You are a wrist watch freak. What brands do you specially prefer?
How do you know that? (Laughs) Yes, I am a freak for wrist watches and I do not have a particular brand per se. I just like the good looks of a good wrist watch. I can tell a good wrist watch from a distance. Of course, I like the Swiss collection if you ask me.The Japan movement are doing very fantastic watches too, like the Kinetic auto replay movement and all that.

When and how can some one gets on your nerves?
(Laughs) Well, back in the days when I was hot tempered it was very easy to spark me off. But today, I'm a bit mature about it and I just let go and relax. There is virtually nothing you can do to provoke me except of course if you hit me. If you hit me for what I did or what I didn't do wrong then I will get provoked.
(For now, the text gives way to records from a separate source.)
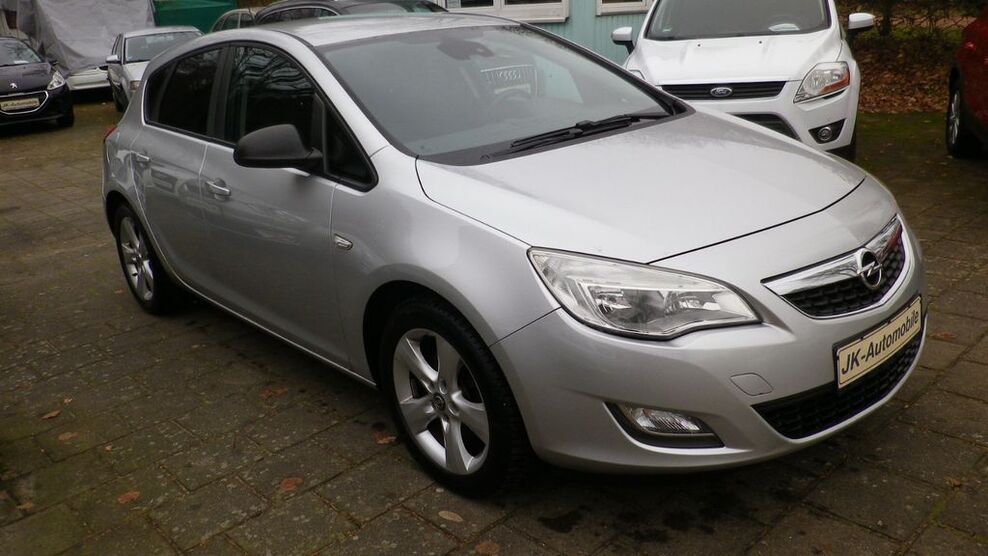 Opel Astra 184.300 km 4.600 € Buxtehude 21614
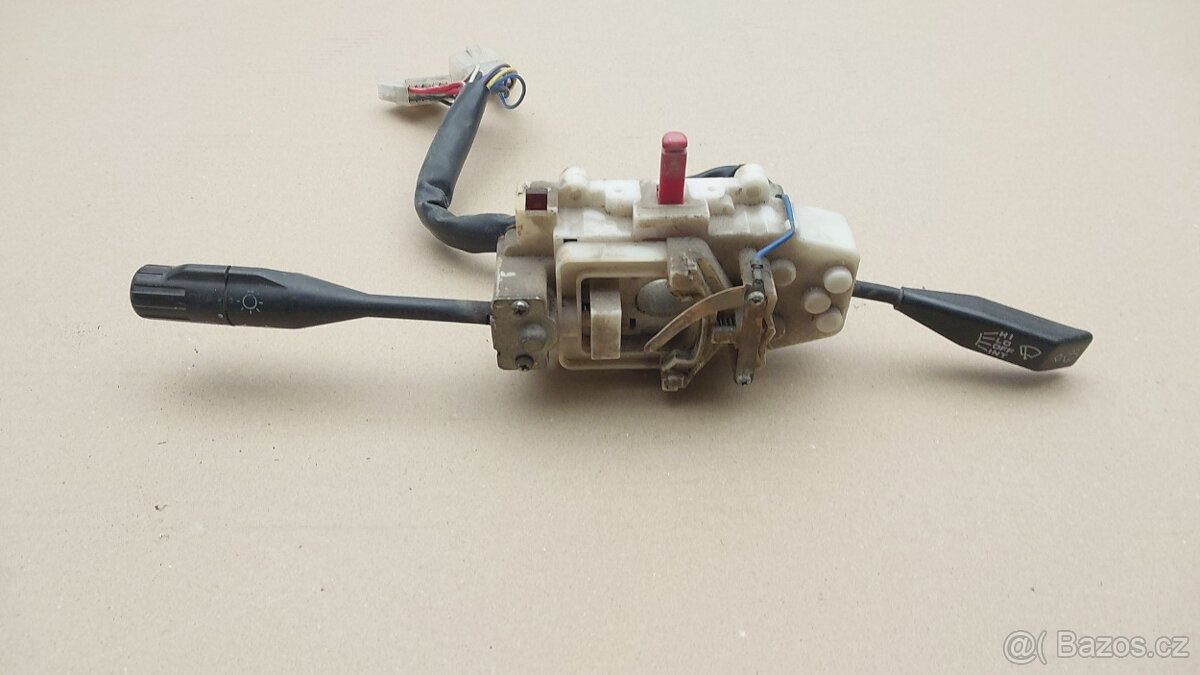 Suzuki Samurai SJ410 – Páčky světle a stěračů - 2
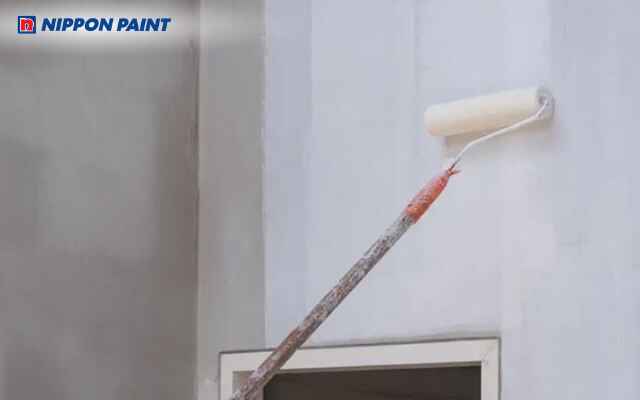 Thi công 2 - 3 lớp sơn dầu đều trên bề mặt để bảo vệ và chống thấm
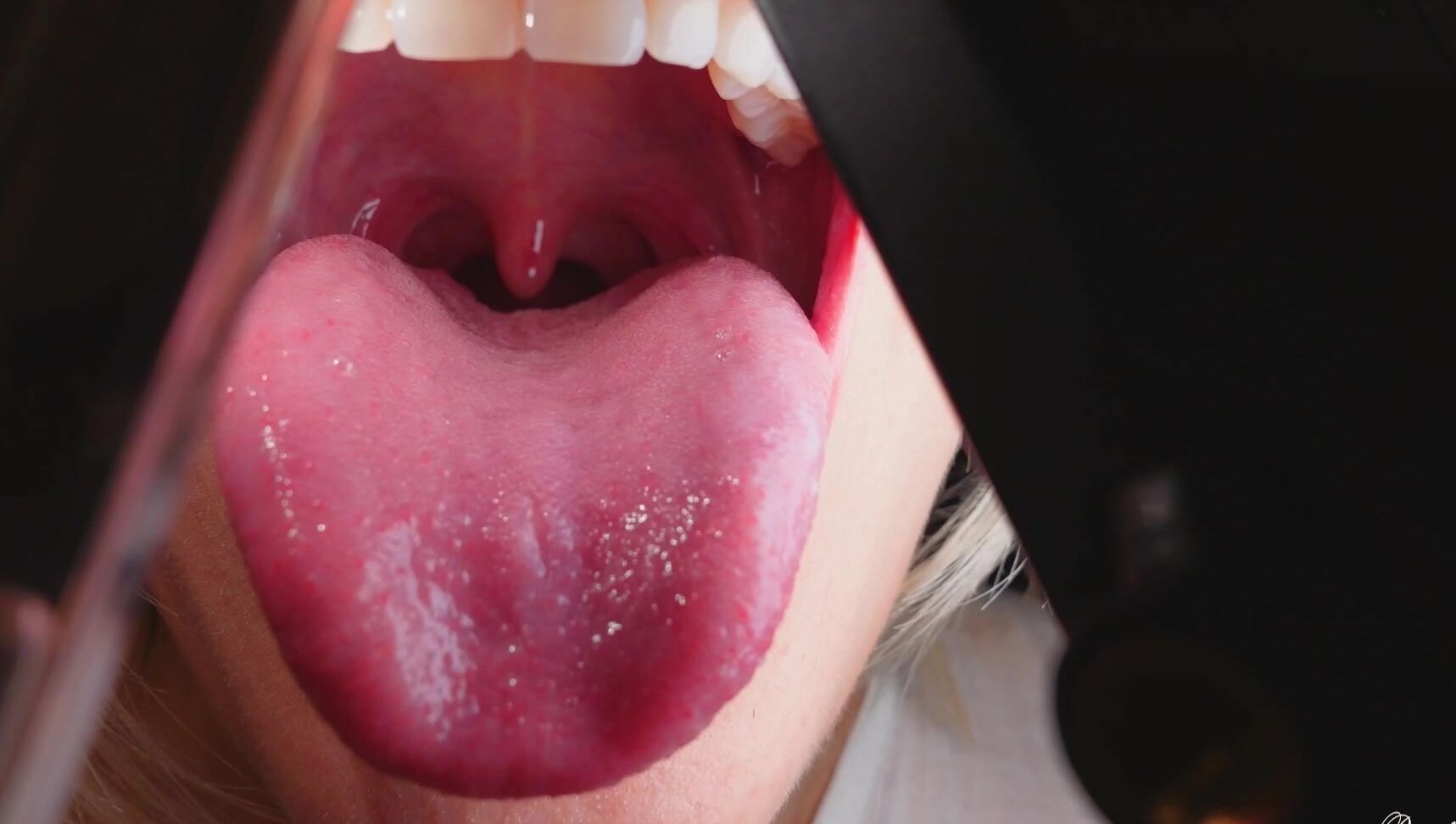 "boudoirbunny" mouth fetish, tongue fetish, uvula fetish, vore, teeth, sfw EXTREME Close Up Mouth Tour HD Manyvids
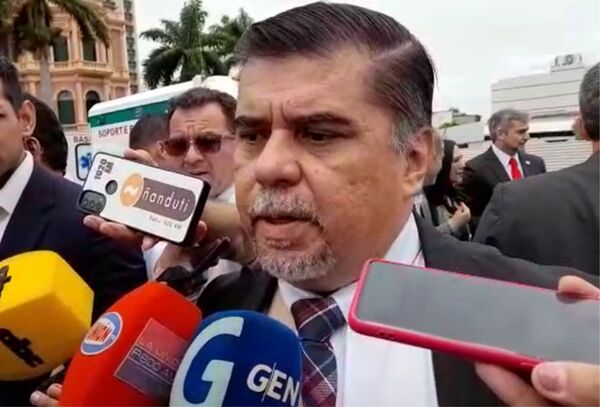 Ministro de Salud reconoce que hay déficit en terapias pediátricas - Megacadena — Últimas Noticias de Paraguay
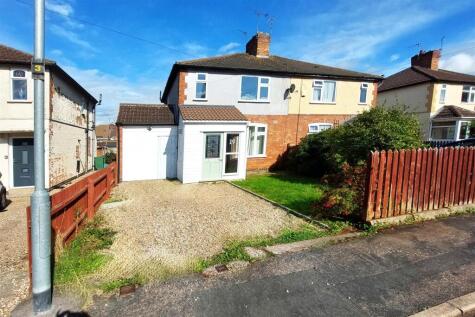 Northfield Avenue, Wigston, Leicestershire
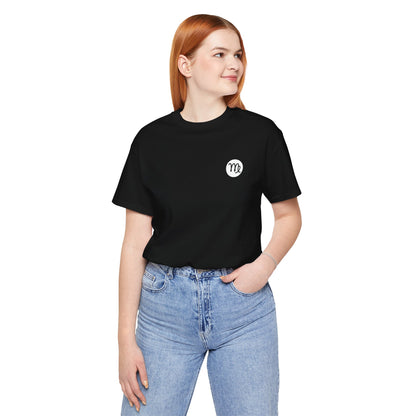 Vergine - T-shirt con segno zodiacale gotico. Grafica blu sul retro. Segno zodiacale nell'ombra.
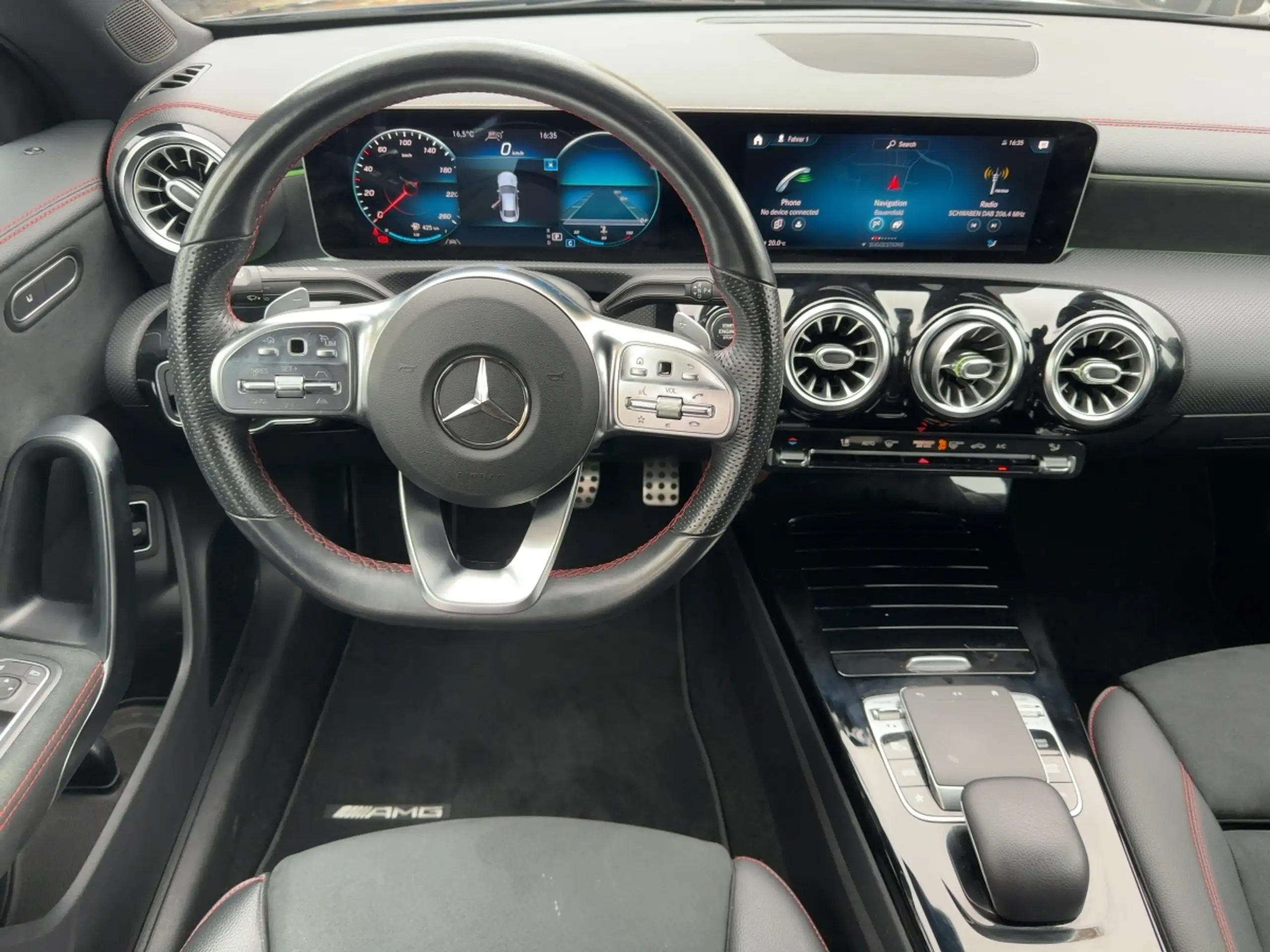 Mercedes-Benz - CLA 200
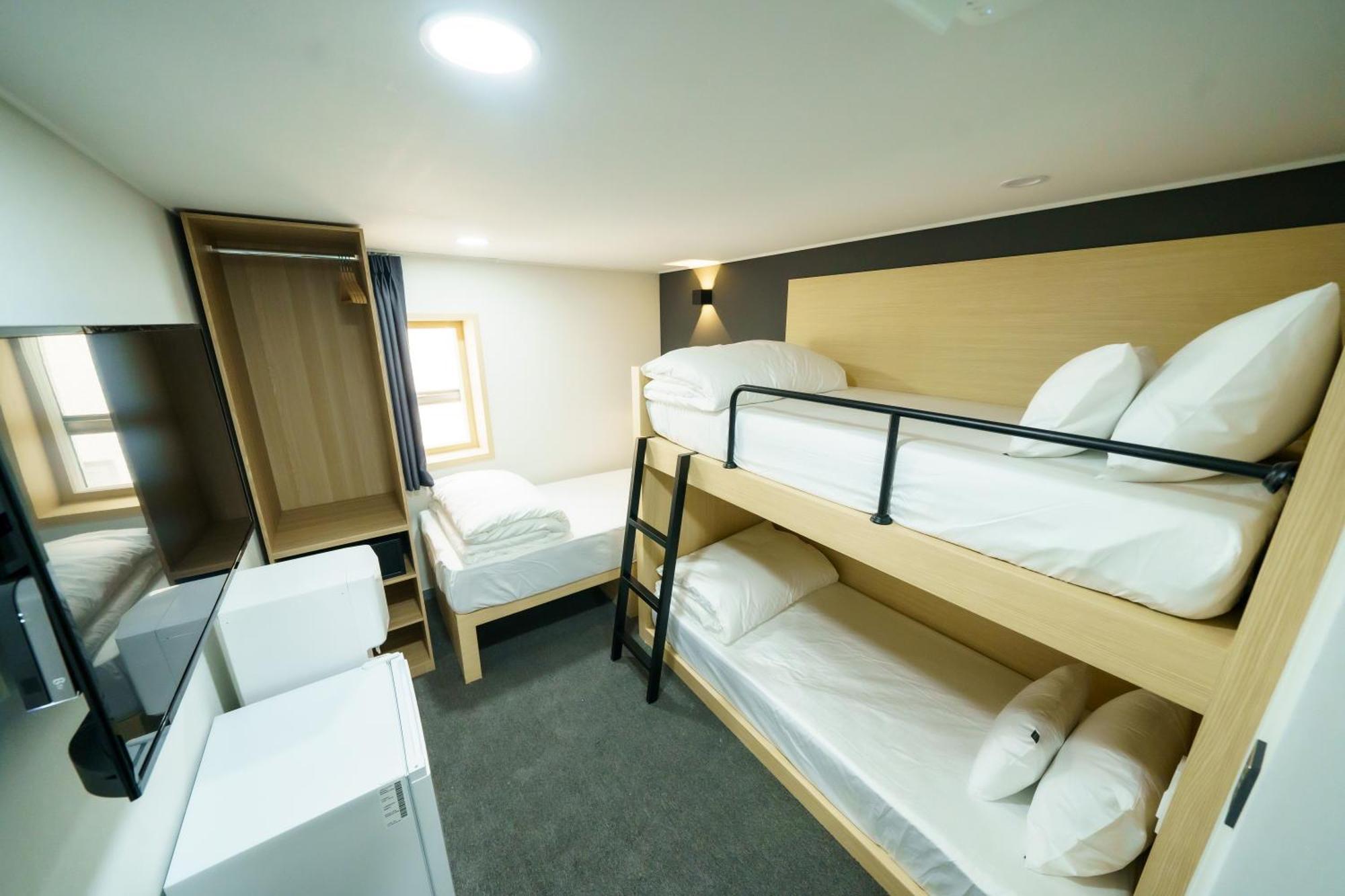 The Stay Hue Myeongdong Сеул Экстерьер фото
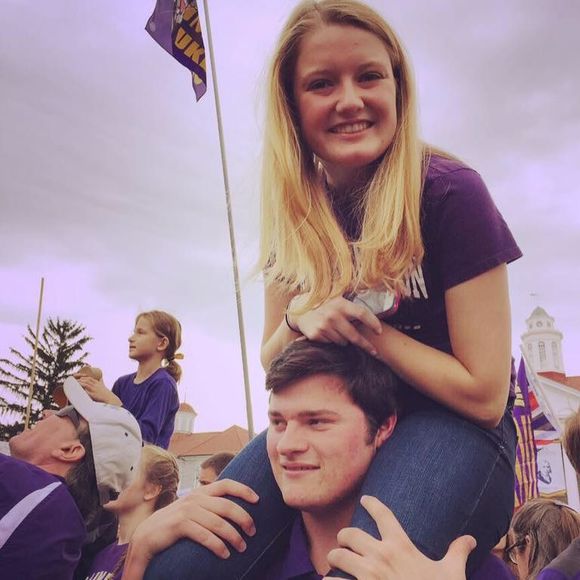 Meet your Posher, Ashley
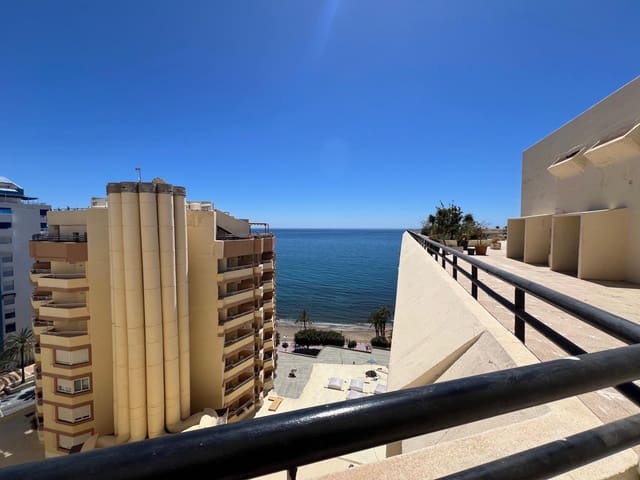 2 bedroom Apartment for rent in Playa Bajadilla - Puertos, Marbella with garage - € 2,400 (Ref: 9202501)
As a Sagitarian that is prone to changes, don't you feel like you don't have a style?
Yeah. I would say I don't. Because I know for myself that I am unpredictable. I stick and glue to something for a long while and you think that is what I like best and then one day I say no, I want to try this other one. I don't particularly have a style.

How do you cope with your female fans especially those who want an affair?
You know how it is especially being in a profession like acting, you can't be rude to people. But if however they come out strong, you just try to let them know that you can't do this. This is the limit I can go. Sometimes too you just try to be nice to them by letting them know you can't be married to every Nigerian. You can only be married to one person.

Lastly, I remember that once, you had to ask a producer if he was casting you because of your looks or because of what you can do. If you remember that experience could you let us into what transpired?

I have difficulty in remembering that now but it depended on the character. If what the character requires is good looks or a down trodden village boy or street kid- that is what would make me ask that kind of question. Otherwise, I don't think it's all about good looks for you to perform. I don't think so.